Was hoping to get around to sawing the maple down in the field up this weekend, however back digging in the wore out skid steer today instead of cleaning up. Worn out linkage on hydraulic controls has been aggravating, today it surpassed that, arms went up, wouldn't come down! So the afternoon was spent tearing the entire pedal assembly apart, driving rusted roll pins out with the assistance of the torch and liberal amounts of penetrating oil, cleaning shafts, cutting self aligning bearings off that are rusted on, welding oblong holes up and making them round again, etc. etc. etc. Appears a bolt worked loose on the pedal for the lift arm, allowing the connecting linkage to drop, and not push when it was pushed upon, causing the problems. Engineer was on hallucinogenic drugs when he designed the hydraulic controls in the damn thing. Looks like you gave a 6 year old an erector set and turned him loose in there. I just shake my head every time I work on that part of it. Utterly ridiculous!!

Reactions: Great Post 1


----------



## Lou Currier (Sep 23, 2017)

Heading out tomorrow to see what's around...have seen some euc, monkey pod, banyan, and bottle brush...and of course lots of oak. @dennisp42 the oak isn't bad sometimes you can find some real wild grain in the live oak.


----------



## Mr. Peet (Sep 24, 2017)

Lou Currier said:


> Lots of oak here  on the bright side my bougainvillea vine turned tree was blown down so that should make for some interesting turning. Thought I saw some banyon and will have to go back and see. A lot of red gum around as well.

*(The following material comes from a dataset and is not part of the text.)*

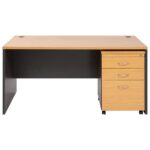 Light Wood Office Desk with Three Drawer Pedestal in Qatar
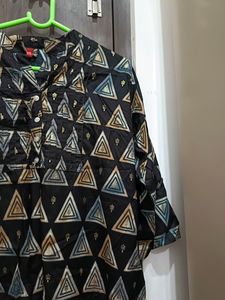 Black And Golden Print Short Kurti Tunic[ xl ]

Lou, if you are scraping the whole thing, Can a buy some off you for a sample or 2 for my collection?


----------



## Lou Currier (Sep 24, 2017)

Mr. Peet said:


> Lou, if you are scraping the whole thing, Can a buy some off you for a sample or 2 for my collection?



Mark, what dimensions do you need? When I get to processing it I am sure I can help you out.


----------



## Mr. Peet (Sep 24, 2017)

Lou Currier said:


> Mark, what dimensions do you need? When I get to processing it I am sure I can help you out.

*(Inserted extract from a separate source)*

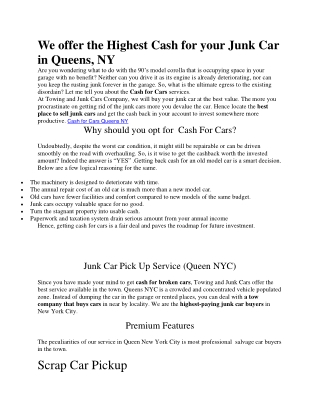 Cash for Junk Cars Queens NY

My samples finish at 3" x 6" x 1/2 inch. Not sure how big of plant you have, but as with many woods, it is nice to have a quarter sawn and flat sawn piece to show the contrast in grain variety. Look forward to your findings.


----------



## Lou Currier (Sep 25, 2017)

Mr. Peet said:


> My samples finish at 3" x 6" x 1/2 inch. Not sure how big of plant you have, but as with many woods, it is nice to have a quarter sawn and flat sawn piece to show the contrast in grain variety. Look forward to your findings.



We'll see what I can get....trunk is about 6".

Reactions: Thank You! 1


----------